Clinical trials Research Services, LLC
Many clinical trials are done to see if a new drug or device is safe and effective for people to use. Clinical trials are also done for other reasons. Some compare existing treatments to determine which is better. The current, approved treatments are called the "standard treatments." Sometimes clinical trials are used to study different ways to use the standard treatments so they will be more effective, easier to use, and/or decrease side effects. Sometimes, studies are done to learn how to best use the treatment in a different population, such as children, in whom the treatment was not previously tested.
For most trials, researchers, doctors, and other health professionals administer the clinical trials according to strict rules set by the Food and Drug Administration (FDA). FDA sets the rules to make sure that people who agree to be in studies are treated as safely as possible.

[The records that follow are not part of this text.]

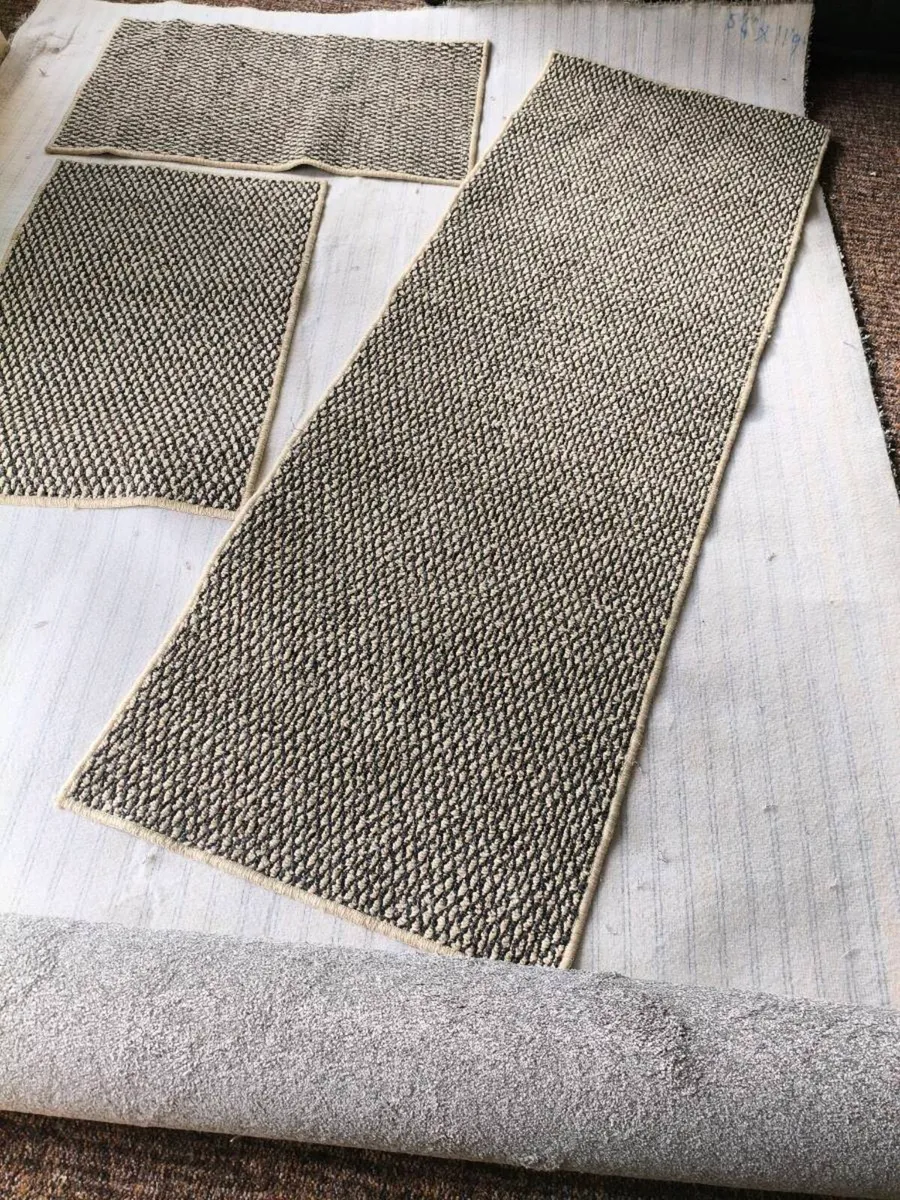 3 mats for 20 like new - Image 1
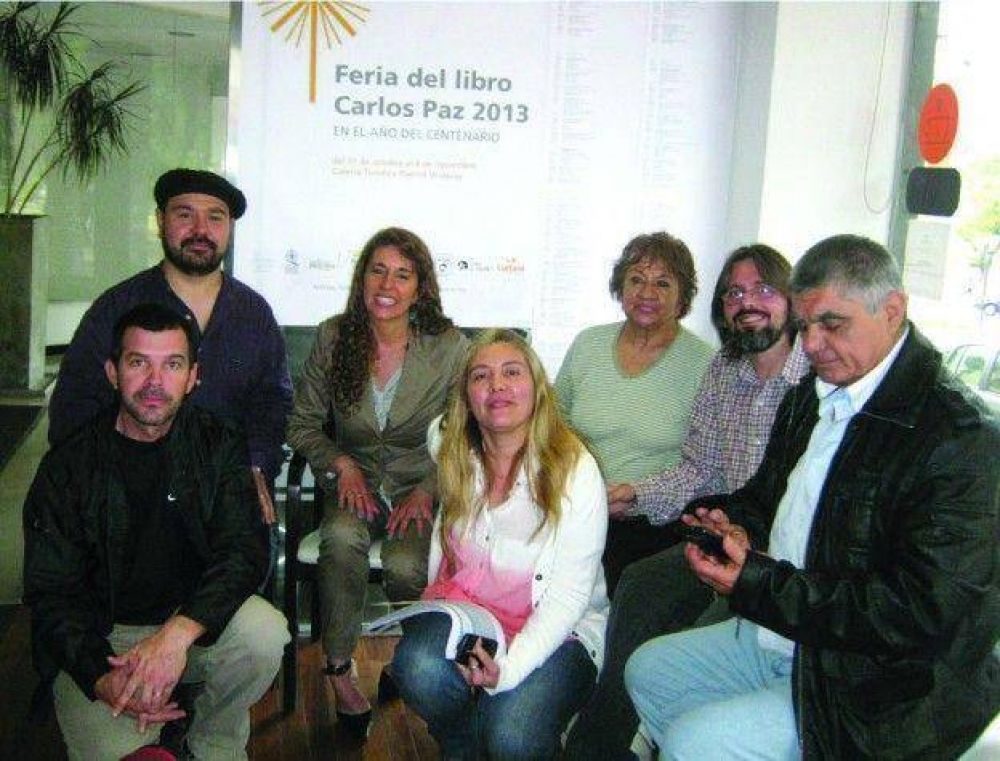 Villa Carlos Paz comienza a vivir la Feria del Libro 2013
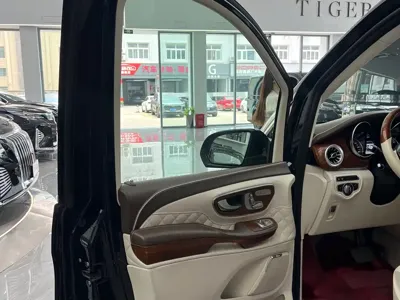 Mercedes-Benz V-Class 2020, 115000 км, за 298000 CNY - фото 4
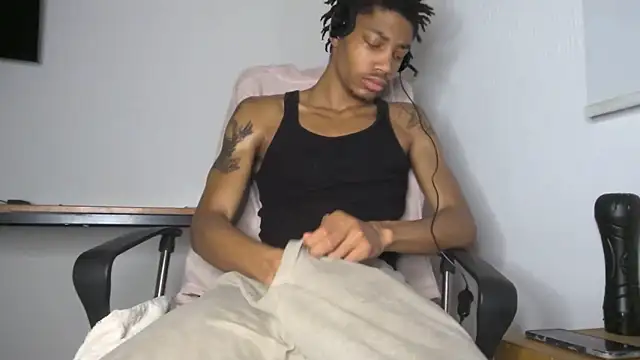 Skinnyblackman online show from 06-07-26, 02:48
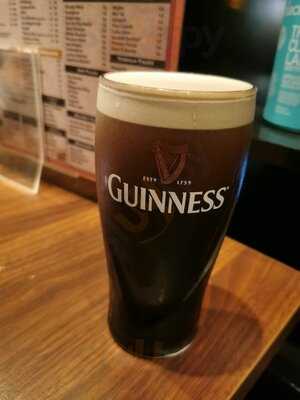 Charlie's Restaurant & Bar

There are many different kinds of clinical trials, including:
• trials that test new treatments, new combinations of drugs, or new approaches to surgery or radiation therapy.
• Prevention trials, that look for better ways to prevent disease in people who have never had the disease or to prevent a disease from returning. These approaches may include medicines, vitamins, vaccines, minerals, or lifestyle changes.
• Diagnostic trials, that are conducted to find better tests or procedures for diagnosing a particular disease or condition.
• Screening trials to test the best way to detect certain diseases or health conditions.
• Quality of Life trials (or Supportive Care trials), that explore and measure ways to improve comfort and the quality of life for individuals with a chronic illness.